Carter, [1982] 1 S.C.R. 938, for
determining the admissibility of co-conspirator hearsay evidence, a test not
challenged on this appeal. (The parties did not present argument on and
the Court did not consider whether the Carter test may be affected by R.
v. Starr, [2000] 2 S.C.R. 144, 2000 SCC 40 (released on September 29,
2000).)
4
First, the parties agree that in articulating
the initial stage of the Carter
test, the trial judge wrongly directed the jury that they were restricted to
“Gulliver’s evidence alone” in determining whether they were satisfied, beyond
a reasonable doubt, that there was a conspiracy or common design to traffic
cocaine. This eliminated from the jury’s consideration evidence that both
parties agree was admissible on the point: the
testimony of police officers detailing their surveillance and the bag of
cocaine.
5
Second, the parties agree that the trial judge directed the jury to
apply the wrong standard of proof at the second stage of the Carter
test. This stage involves a determination of whether, on the balance of
probabilities, the appellant was a member of the common
design. The trial judge clearly erred by informing the jury they had to be satisfied of the appellant’s
membership beyond a reasonable doubt, failing which they were required to acquit him.
6
In addition to these admitted errors, the Crown alleges that the trial
judge erred in his caution to the jury
respecting the credibility of the undercover agent Gulliver as an unsavoury witness (the Vetrovec
warning). The appellant disagrees on
this point.
7
Leaving aside the disputed Vetrovec caution, which this Court
recently reviewed in R. v. Bevan, [1993] 2 S.C.R. 599, the critical
issue upon which the court below divided and the main ground upon which Rice
J.A. based his dissent, was whether the admitted errors in charging the jury on the Carter test meet
the threshold for vacating an acquittal as set out in Vézeau, supra.

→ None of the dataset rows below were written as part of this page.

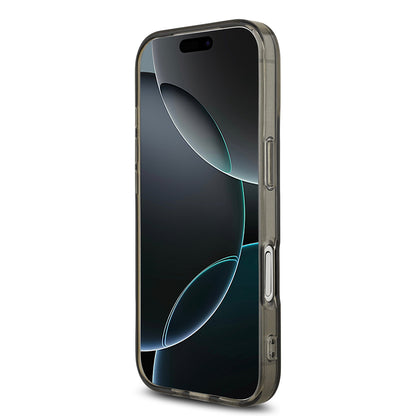 iPhone 17 Kılıf AMG Orijinal Lisanslı M-safe Şarj Özellikli IML Baskı Logolu Çift Katmanlı Bow Lines Kılıf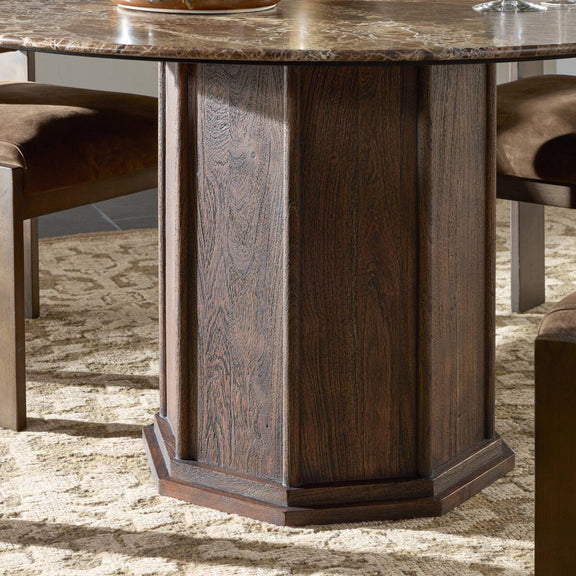 Pavlo Dining Table - Brown Marble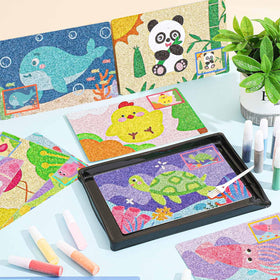 Tenceur animal world patterns inspire storytelling and color matching in kids.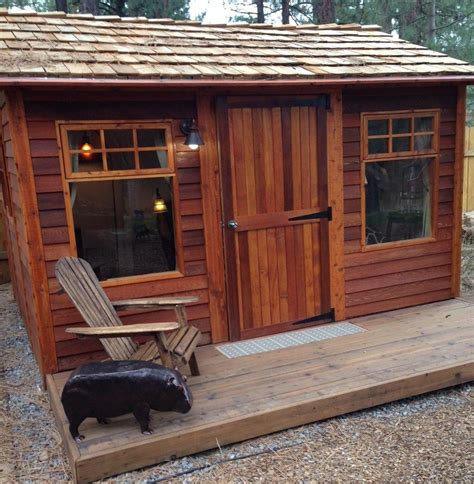 Small Cabin Kits Cedar Cabins Backyard Studio Sheds DIY Plans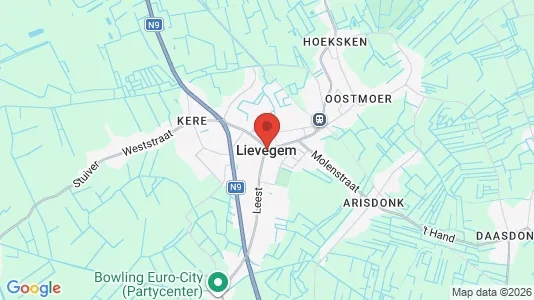 Houses for rent i Lievegem - kort over placeringen
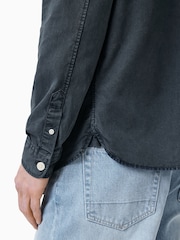 AllSaints Blue Bodhi Long Sleeve Overshirt - Image 5 of 7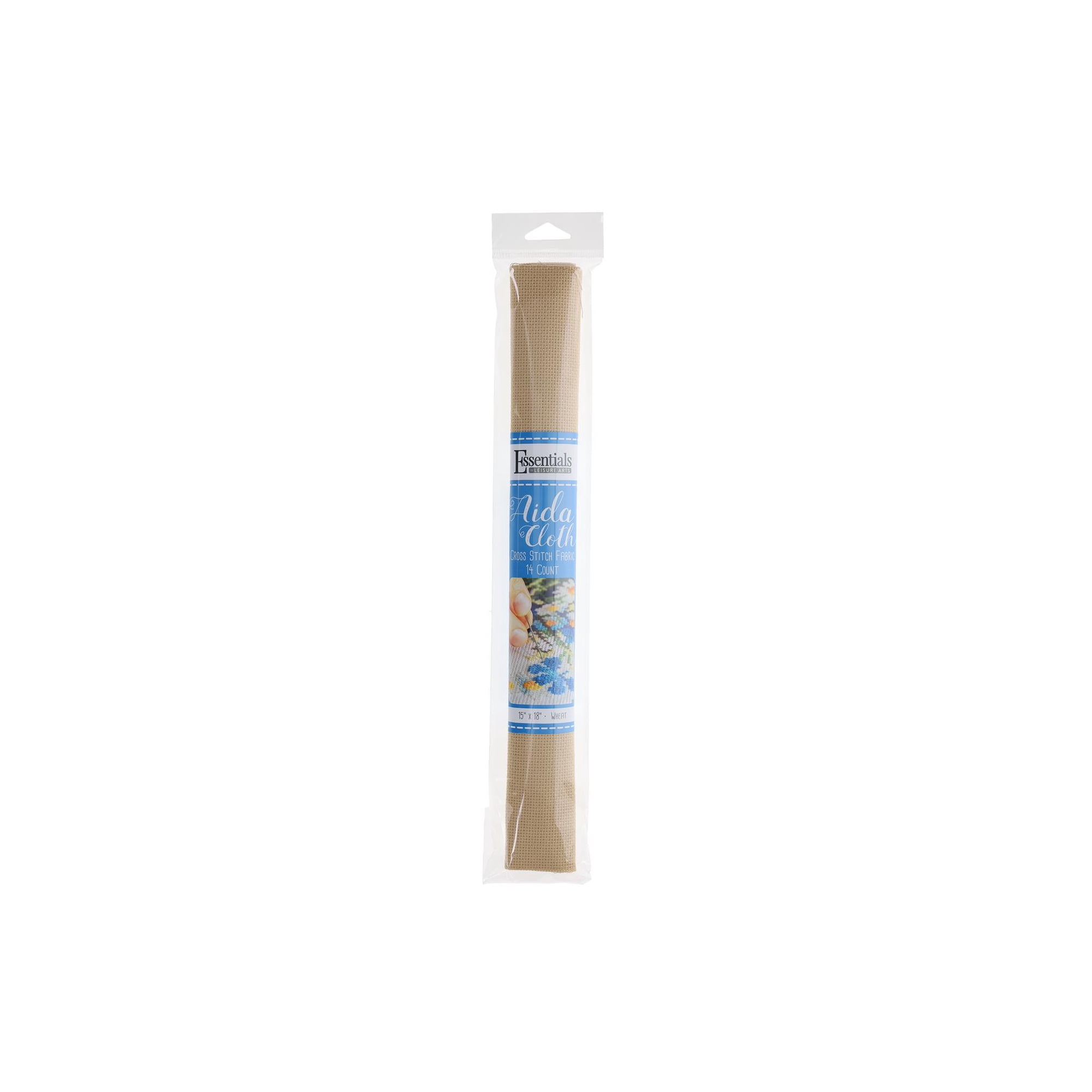 Essentials By Leisure Arts Aida Cloth, 14 Count, Wheat, Cross Stitch Fabric, Embroidery Fabric, Cross Stitch Supplies For Crafting, Stitching, And Sewing Projects 15X18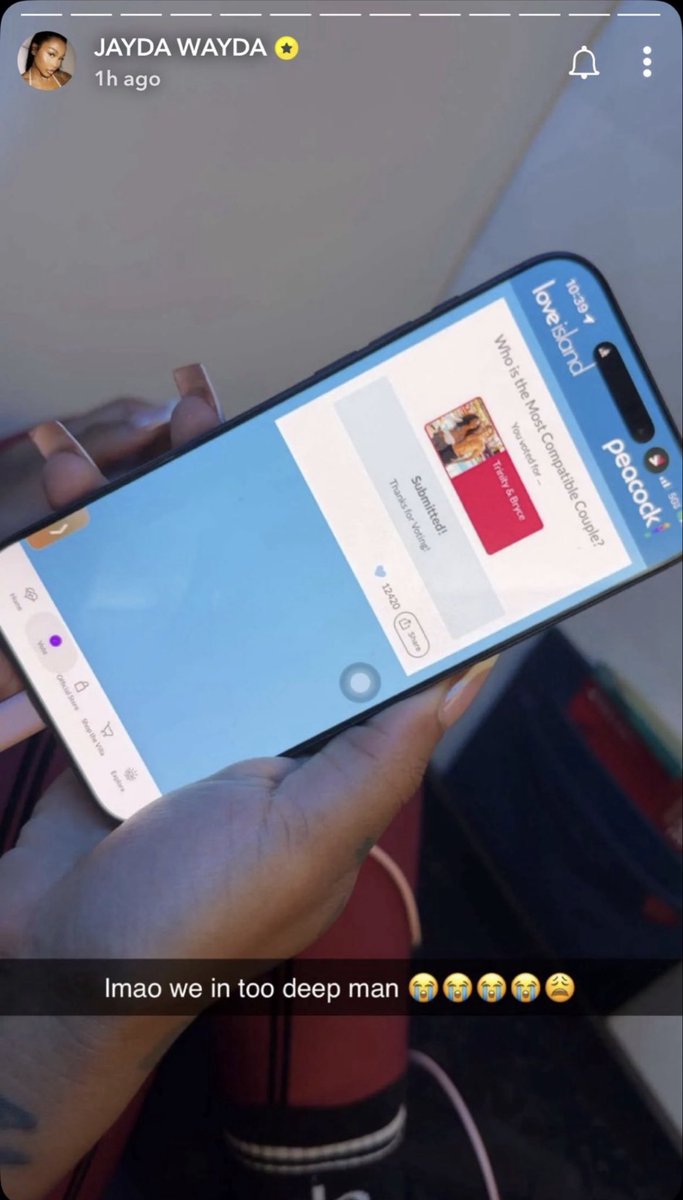 trinversee's tweet photo. Jayda Wayda voting for Brinity last night 🔥 #loveislandusa https://t.co/j4IQgNSJUU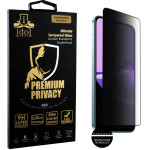 Idol 1991 Tempered Glass Xiaomi Redmi 15C 5G 6.9'' 9H 0.25mm Premium Privacy Antispy Semi Curved Full Glue BLACK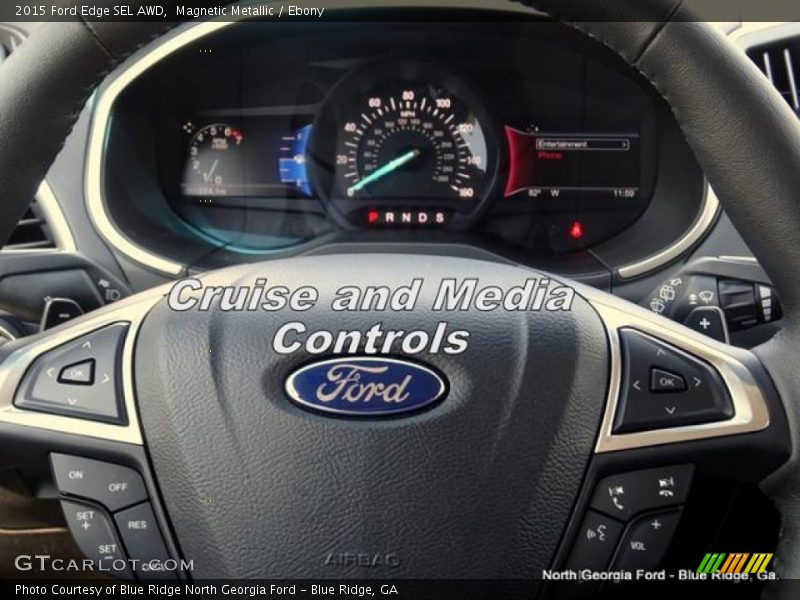 Magnetic Metallic / Ebony 2015 Ford Edge SEL AWD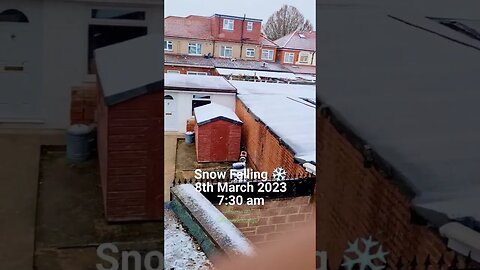 Snow Falling Southall London UK | 8th March 2023 #reels #shorts #bharatsamgi #snowfall #southall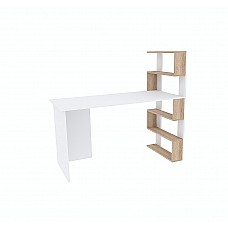 Компьютерный стол Robert правый Белый/Дуб Сонома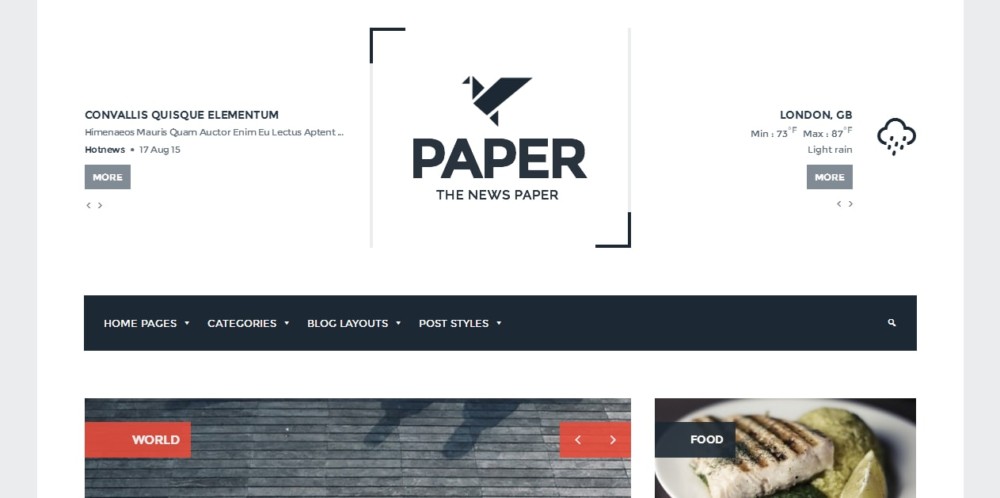 Creative WordPress Newspaper Theme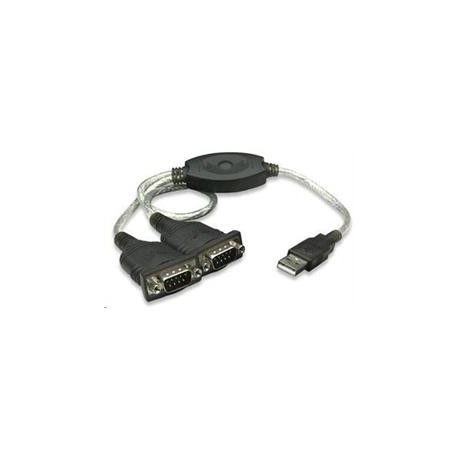 Manhattan USB Adapter, 2x serial port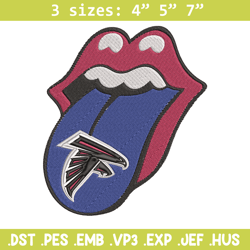 Atlanta Falcons Tongue embroidery design, Falcons embroidery, NFL embroidery, logo sport embroidery, embroidery design.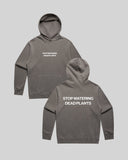 Stop Watering Dead Plants 2.0 Faded Grey Hoodie
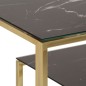 vidaXL Konsolentisch Golden Edelstahl und Hartglas vidaXL Konsolentisch Golden Edelstahl und Hartglas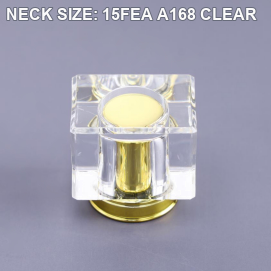 NECK SIZE: 15FEA A168 CLEAR perfume bottle cap reference
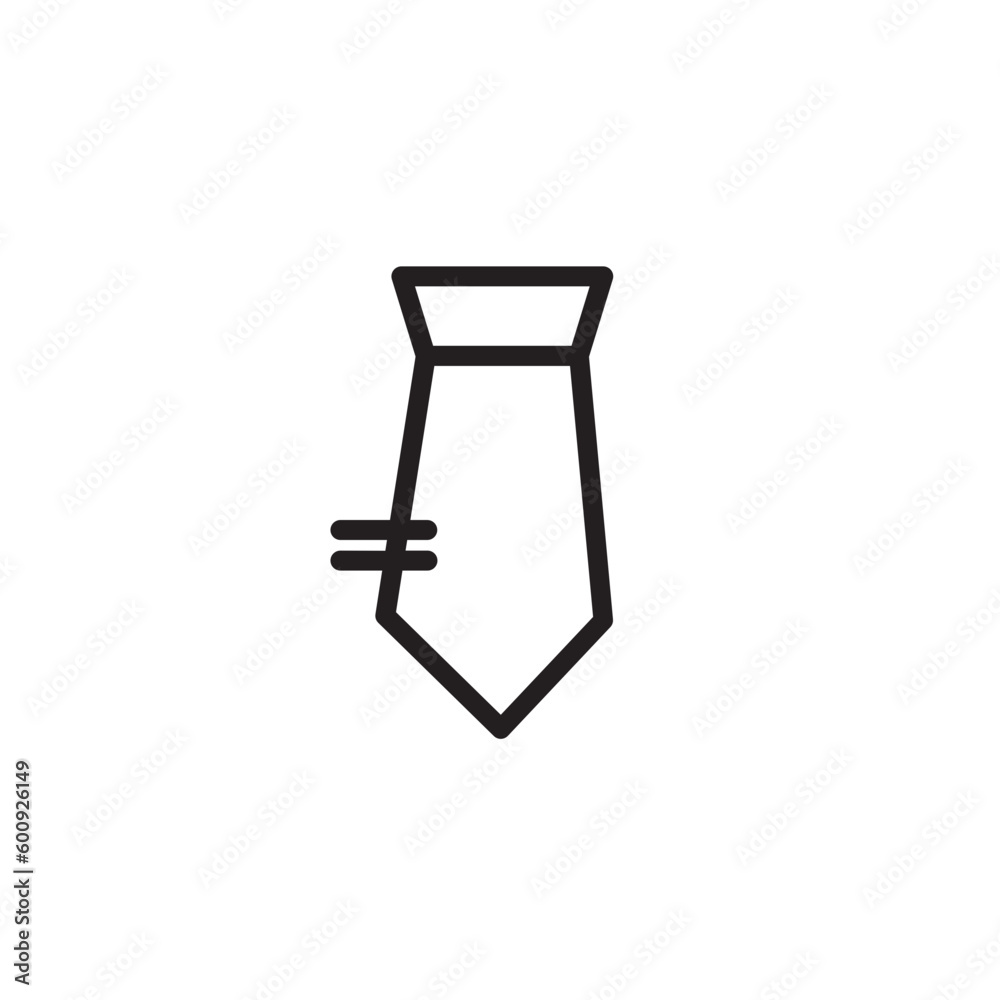 Suit Tie Worker Outline Icon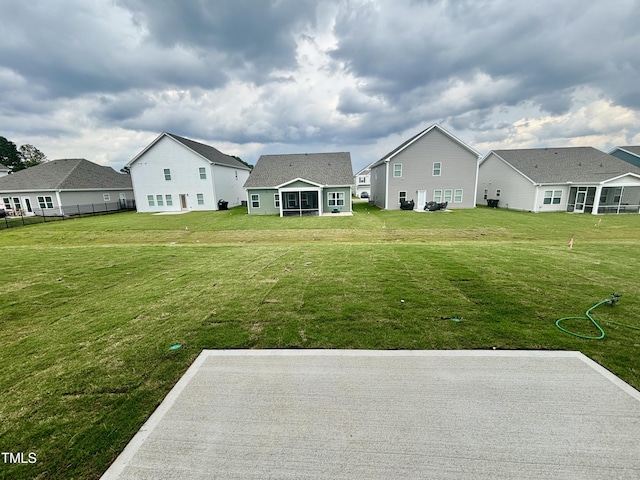 76 Commons Cir, Clayton, NC 27520 - view of green lawn with a residential view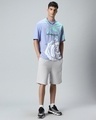 Shop Men's Baby Lavender Extraordinary Typography Oversized T-shirt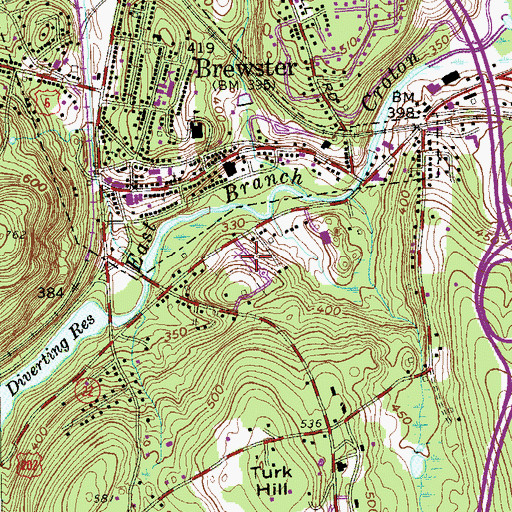Topographic Map of Saint Lawrence O'Toole Catholic Cemetery, NY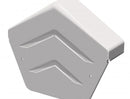 SmartVerge PVCu Ridge End Caps  Half Round or Angled
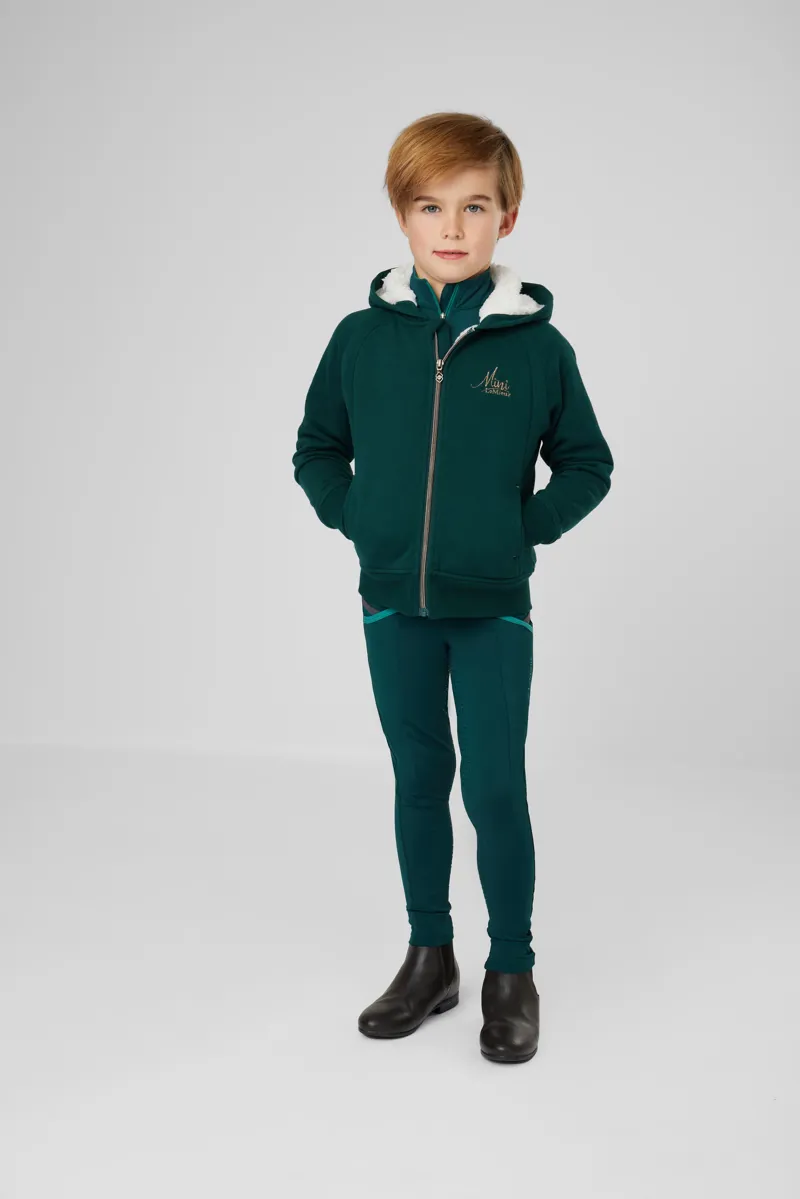 LeMieux Mini Sherpa Lined Lily Hoodie Spruce - Image 7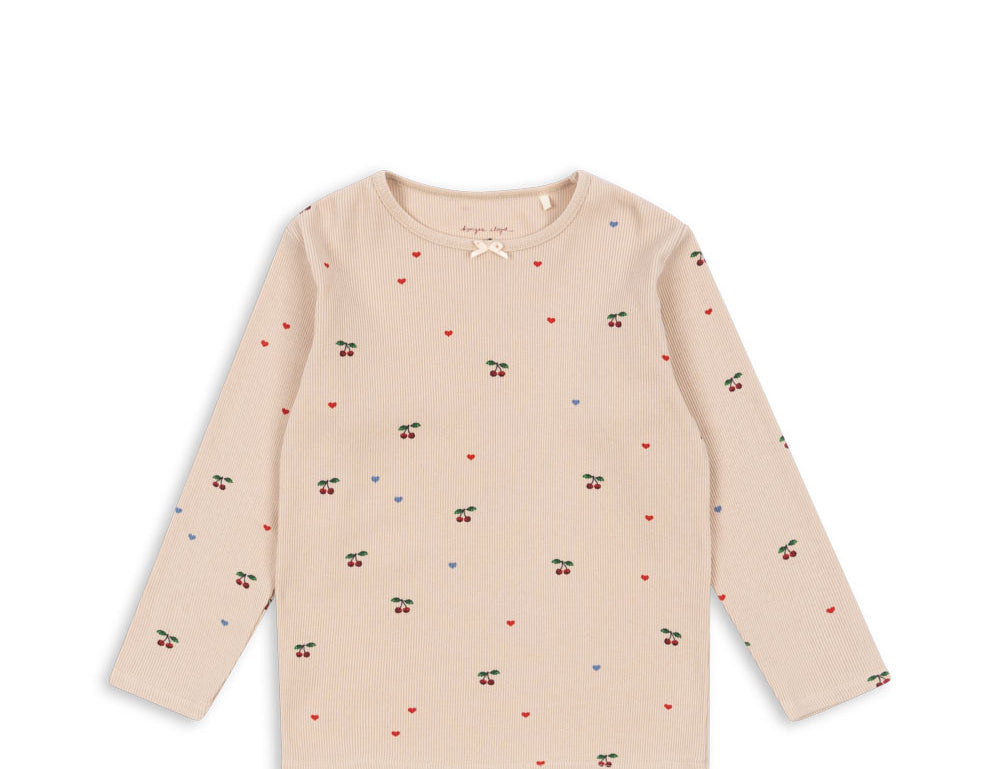Konges Sløjd A/S JERSEY BLOUSES cherry coeur blush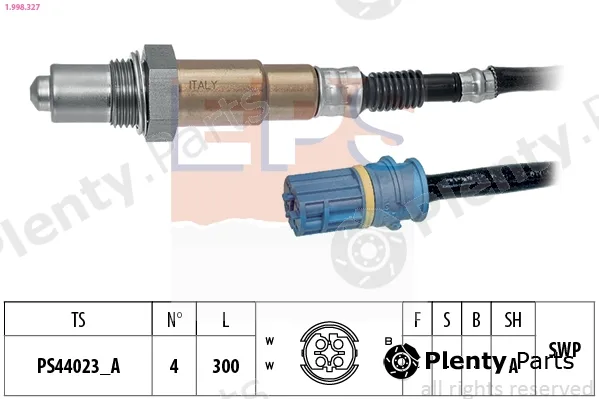 EPS 1.998.327 — Lambda Sensor Made in Italy - OE Equivalent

Has the Crown established with reasonable certainty that the jury, had it been
charged correctly, would not necessarily have reached the same verdict? We are
satisfied that the answer to this question must be yes.
8
It is not disputed that had the jury been properly directed, they could
have found, upon a consideration of all the
relevant evidence and applying the proper standards of proof, that the Carter test
was satisfied. In that case, the hearsay statements at issue, including the
taped conversations implicating the appellant, would have been admissible
against him, as properly falling within the co-conspirator exception to the
hearsay rule. The errors in the trial judge’s charge may have unjustly frustrated such a
conclusion. At the first stage of the test, the jury was effectively
precluded from considering evidence that both parties agree was admissible in
determining whether they were satisfied a conspiracy existed. At the second
stage, the misdirection as to the appropriate standard of proof created the
potential for the jury to reject the admissibility of the offered evidence on
the grounds they were not satisfied of the appellant’s involvement in the
common design to traffic cocaine beyond a reasonable doubt, even though they
may have been satisfied of his involvement on the correct standard of
probability. Either of these errors could have led to the appellant’s
acquittal. Therefore, to use the language of Vézeau, supra, we
can say with reasonable certainty that, had the jury been properly charged, the
verdict would not necessarily have been the same.
9
We would therefore dismiss the appeal and confirm the order for a
new trial.
Appeal dismissed.
Solicitor for the appellant: Margaret
Gallagher, Saint John.
Solicitor for the respondent: The
Attorney General of Canada, Vancouver.